Now, my grandma wasn't fat---rail thin, in fact. She wasn't Hungarian but English. She didn't have an accent. But this poem has called her into my memory anyway. Nearly intact: bony hips under polyester pants; dark grey, curly hair; a scent of moisturizer and coffee and denture cream. She was the kindest person I think I've ever known, although I also know that idea---her unconditional love---comes from my child mind. I only knew her as a grandma, adored by my childhood self, and never as an adult or a woman or anything else. But still---I cling to that memory of her kindness because it makes kindness seem more possible.

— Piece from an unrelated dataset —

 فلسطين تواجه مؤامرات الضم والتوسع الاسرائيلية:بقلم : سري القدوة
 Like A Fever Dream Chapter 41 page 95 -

I think the line that drew her so clearly to mind was this one: "Wanting to lay my face/between her hands." I remember my grandma's hands very clearly. The age spots, the soft, wrinkled skin that, when you pinched it, would tent into peaks that would stay up until she bent her fingers. The softness of the finger pads. Her hand riffling through her jewelry box to find a string of puka shells for me to play with. Holding her hand. I wouldn't ask her for a song, though. I'd ask her for a story. She used to tell me all about her mother, the Amy I was named for, and her dad, the Nathan mine was named for. They seemed to be magical and amazing, Amy and Nathan, Nathan and Amy. But I cannot remember any of the stories, only the feeling they evoked.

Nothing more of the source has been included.